I am pleased to report that the study presents significant and novel findings regarding the role of Ang II signaling in the PVN and its impact on renal fibrosis following folic acid-induced kidney injury. The research offers valuable insights into the neural mechanisms that regulate renal outcomes in CKD and highlights potential therapeutic strategies.
It's crucial to note that while males have a higher prevalence of renal fibrosis and chronic kidney disease (CKD) compared to females, this does not diminish the importance of studying both sexes. The protective effects of estrogen in females and the detrimental effects of androgens in males are significant factors. Post-menopausal women, despite being less frequently affected, have an increased risk of developing renal fibrosis due to the decline in estrogen levels. Therefore, it is advisable to conduct experiments with equal sex ratios to ensure a comprehensive understanding of the disease's mechanisms.
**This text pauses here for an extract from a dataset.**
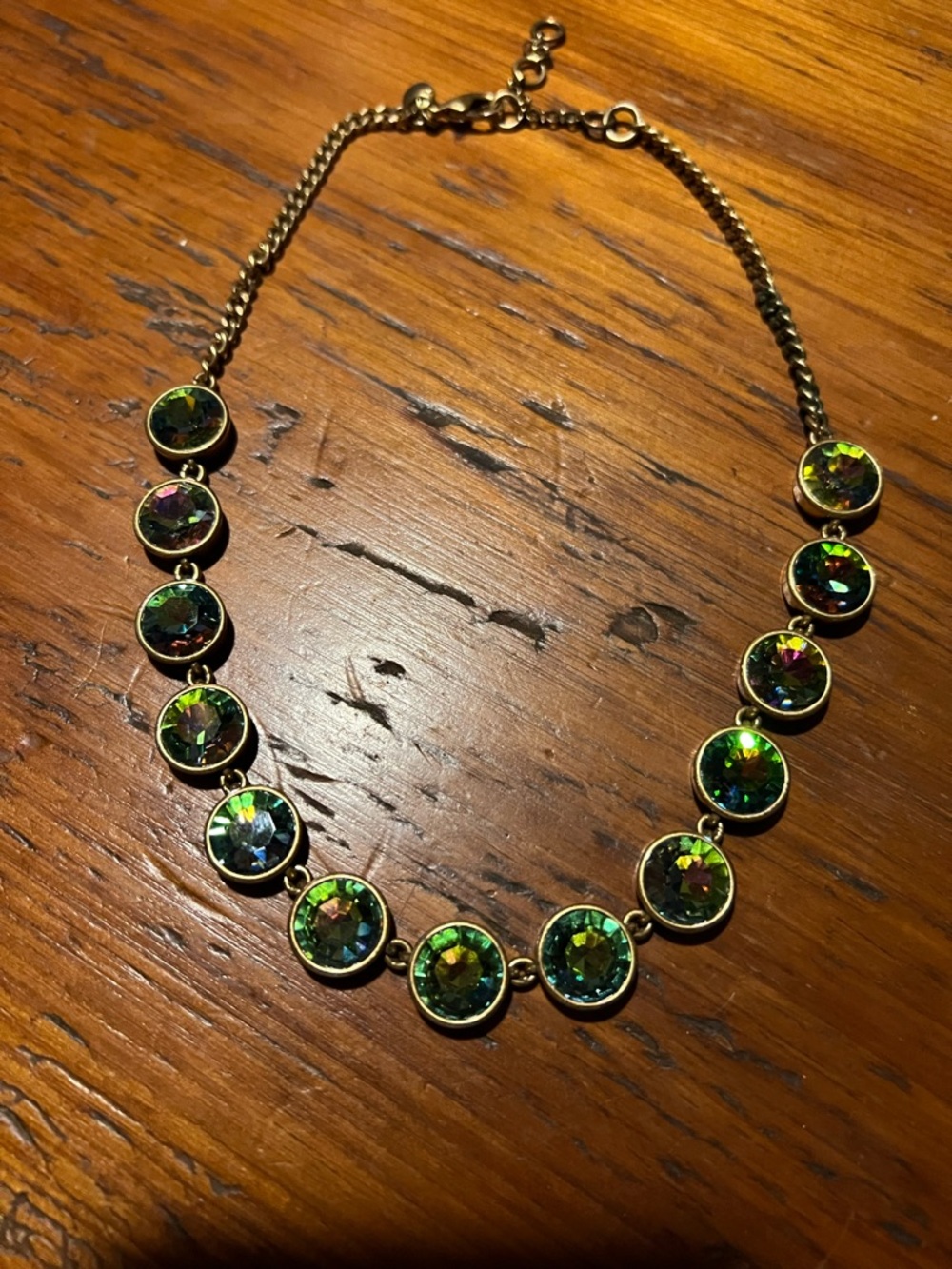 J. Crew Gold-Tone Necklace with Iridescent Green Crystals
The study convincingly demonstrates that Ang II signaling in the PVN activates a neural pathway involving PVN neurons projecting to the RVLM, which increases sympathetic nerve activity (SNA) in the kidney and leads to fibrosis. Significantly, the targeted deletion of AT1a in the PVN reduces SNS discharge and reverses fibrotic changes, underscoring the critical role of the PVN-RVLM pathway in the development of kidney fibrosis post-injury.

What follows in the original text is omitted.